La producción de miel mediante apicultura moderna reducirá la tala de árboles, especialmente de esos viejos, con el interior podrido que aportan muchos microhábitats para la fauna, así como posibles incendios que puedan ocurrir al producir humo para su extracción. La puesta en marcha de las colmenas permitirá una extracción sostenible de los recursos de la reserva donde, además, será necesario una conservación del medio para que se pueda seguir realizando.
El mantenimiento del proyecto se realizará mediante los ingresos obtenidos de la venta de miel.

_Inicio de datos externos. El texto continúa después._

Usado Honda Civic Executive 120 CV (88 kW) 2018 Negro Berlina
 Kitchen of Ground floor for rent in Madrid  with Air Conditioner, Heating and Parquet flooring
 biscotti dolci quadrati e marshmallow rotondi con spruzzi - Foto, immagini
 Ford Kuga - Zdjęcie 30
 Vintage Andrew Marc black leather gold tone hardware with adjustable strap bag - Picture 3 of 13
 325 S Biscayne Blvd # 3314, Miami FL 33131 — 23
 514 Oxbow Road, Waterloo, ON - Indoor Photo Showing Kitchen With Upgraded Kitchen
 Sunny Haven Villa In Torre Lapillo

El dinero será gestionado por los jefes del pueblo y se dispondrá de una caja de ahorros para guardar una parte del dinero. La colaboración de Yakaar África ha sido fundamental para poder contar con las colmenas durante la formación. En futuras fases, Yakaar también se encargará de la compra del resto de materiales necesarios como trajes, botas o extractores.
Es necesario que la UPM continúe con el proyecto debido a que, por causas ajenas a los propios estudiantes, no se han podido realizar las clases prácticas con el material ni el funcionamiento de las colmenas in situ. Por tanto, los siguientes alumnos deberán, por una parte, recordar los conocimientos adquiridos en esta primera formación, y por otra, enseñar una buena extracción de la miel y gestión de las colmenas que asegure la calidad del producto y el futuro del enjambre, respectivamente. Además, para asegurarse de que cuando los futuros estudiantes vengan, tengan material con el que trabajar, también se va a guardar una de las colmenas que se han comprado en esta primera fase.